Rikers Adası'ndaki kadınlar hapishanesinde kalan eski bir mahkum, kadınlar koğuşunda kalan aslen erkek olan bir trans kadının tecavüzcü bir erkek olduğu yönündeki uyarılarının hapishane personeli tarafından dikkate alınmadığı gerekçesiyle dava açıyor.
Mağdur, failin kendisine cinsel birliktelik teklif ettiğini ve hatta duşta elle tacizde bulunduğunu ıslah memurlarına söylemesine rağmen failin kadın koğuşundan çıkarılmadığını söyledi. Günler sonra mağdur, fail tarafından uykusunda cinsel saldırıya uğradığını iddia etti.
Davada adı yalnızca "Rose Doe" olarak anılan davacının avukatları tarafından elde edilen soruşturma kayıtları, failin kadın koğuşuna gelmesinden kısa bir süre sonra Doe'nun personele şikayette bulunduğunu ve yeni tutuklunun kendisine cinsel teklifte bulunduğunu ve ardından tuvalette kendisini taciz ettiğini iddia ettiğini gösteriyor. Rose M. Singer Center (RMSC) cezaevinin müdür vekili Floyd Phipps bu şikayetleri inceledikten sonra "Bu kişinin bu hapishane için uygun olmadığını düşünüyorum. . . . [Rose Doe] kendini güvende hissetmediği için birimde kalmak istemiyor" yazılı bir e-posta gönderdi.
Davacının iddiasına göre failin söylediği şey şuydu: "Ben transseksüel değilim. Heteroseksüelim. Kadınlardan hoşlanıyorum."

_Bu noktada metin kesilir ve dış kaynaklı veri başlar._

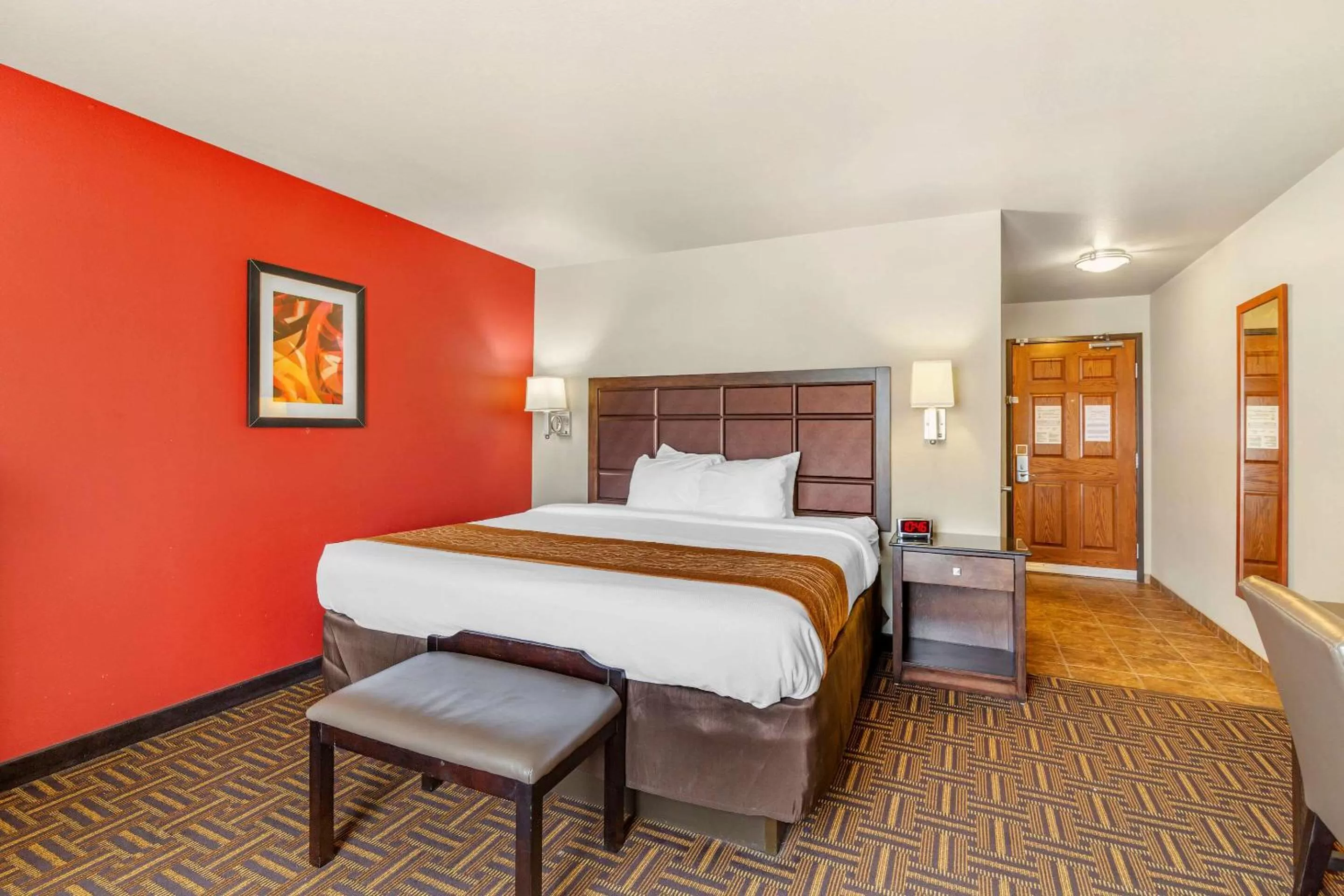 King Room - Disability Access/Non-Smoking in Sonesta Essential Minot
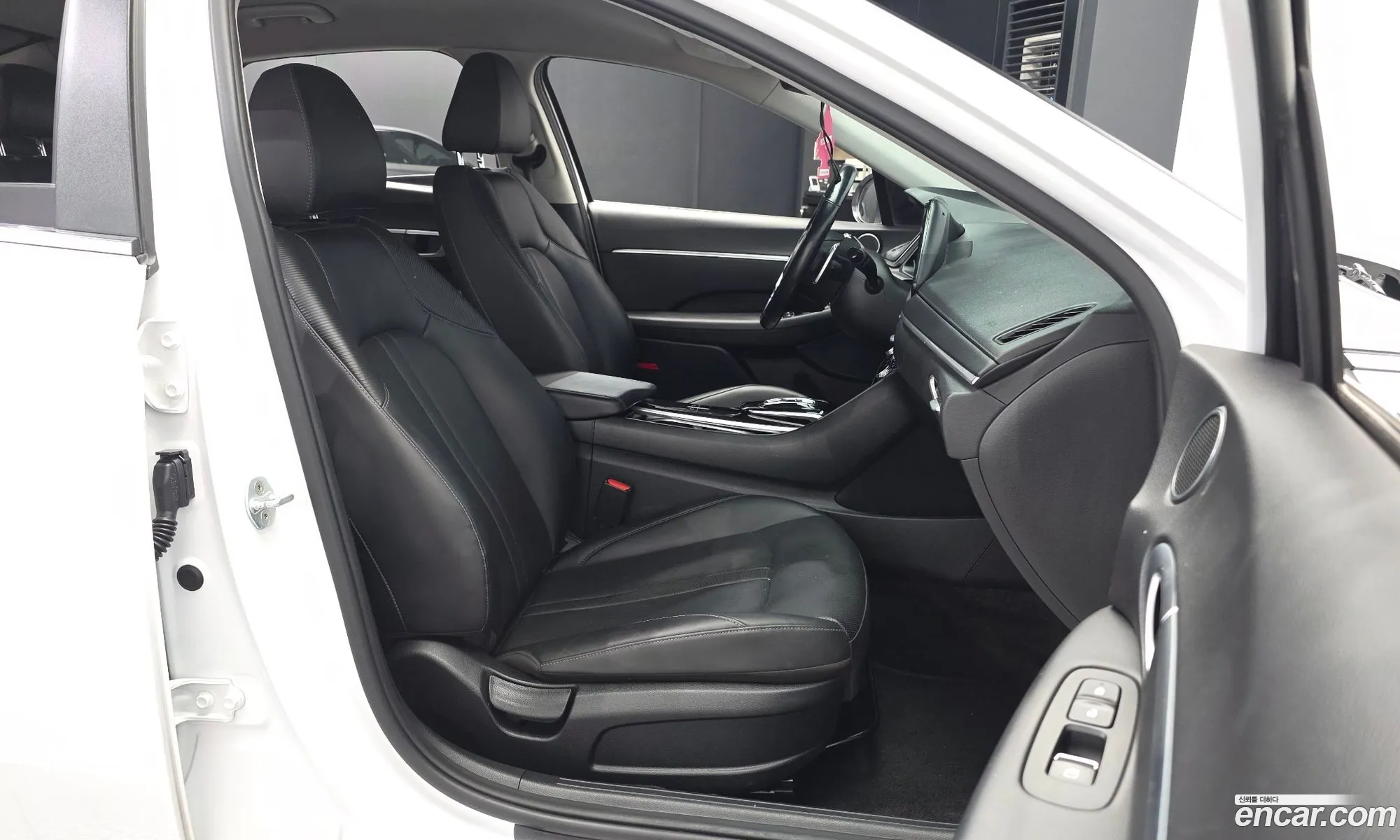 Hyundai Sonata 2019 KMHL341DBLA044245 — 31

Doe, bu uyarı ve şikayetlerden sonra bile infaz koruma memurlarının faili kadınların kaldığı yerlerden uzaklaştırmadığını söylüyor. Doe'nun davasına göre, "Davacı yatağında uyurken, Fail, Davacı'ya tekrar cinsel saldırıda bulunma fırsatını yakaladı. Davacı uyurken pantolonunu indirdi ve ona tecavüz etmeye başladı."

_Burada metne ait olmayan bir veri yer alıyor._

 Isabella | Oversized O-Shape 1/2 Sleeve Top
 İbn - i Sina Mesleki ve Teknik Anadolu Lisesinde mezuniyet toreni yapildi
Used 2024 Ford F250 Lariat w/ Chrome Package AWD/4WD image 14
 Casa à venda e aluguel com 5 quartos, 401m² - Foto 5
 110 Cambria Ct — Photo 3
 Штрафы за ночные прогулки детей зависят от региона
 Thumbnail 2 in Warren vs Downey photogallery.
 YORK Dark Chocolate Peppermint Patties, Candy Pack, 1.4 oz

Doe, "Hayatımın geri kalanında bu yara izini taşıyacağım" dedi.
Rose Doe'yu temsil eden avukat Nicholas Liakas, "Açık bir tehlike söz konusu olduğunda bu tehlikenin ortadan kaldırılması gerekir ve bu olayda devreye girip bir tecavüzü önlemek için aslında pek çok fırsat bulunuyordu," dedi.

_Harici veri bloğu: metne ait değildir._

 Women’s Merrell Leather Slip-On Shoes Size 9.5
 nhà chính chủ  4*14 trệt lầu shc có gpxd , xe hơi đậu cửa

New York Ceza İnfaz Kurumu'ndan bir sözcü, davanın aktif bir dava olduğunu gerekçe göstererek dava hakkında yorum yapmayı reddetti. Rose Doe'ya gönderilen bir mektupta, hapishane müfettişleri "olayın gerçekleşip gerçekleşmediğine dair nihai bir tespitte bulunmak için yeterli kanıt olmadığını" belirttiler.
Doe tecavüzü bildirdiğini söylese de, açtığı davada hapishane personelinin "Davacı'ya yeterli tıbbi ve ruh sağlığı hizmeti sağlamayarak, kanıtları toplamayarak, belgelendirmeyerek ve gözden geçirmeyerek Davacı'nın cinsel saldırılarını örtbas ettiğini" iddia ediyor.
Rose Doe'ya tecavüz etmekle suçlanan mahkum, kendisini Rikers hapishanesine gönderen ağır saldırı suçlamalarını kabul etmesinin ardından erkekler için maksimum güvenlikli bir cezaevine nakledildi.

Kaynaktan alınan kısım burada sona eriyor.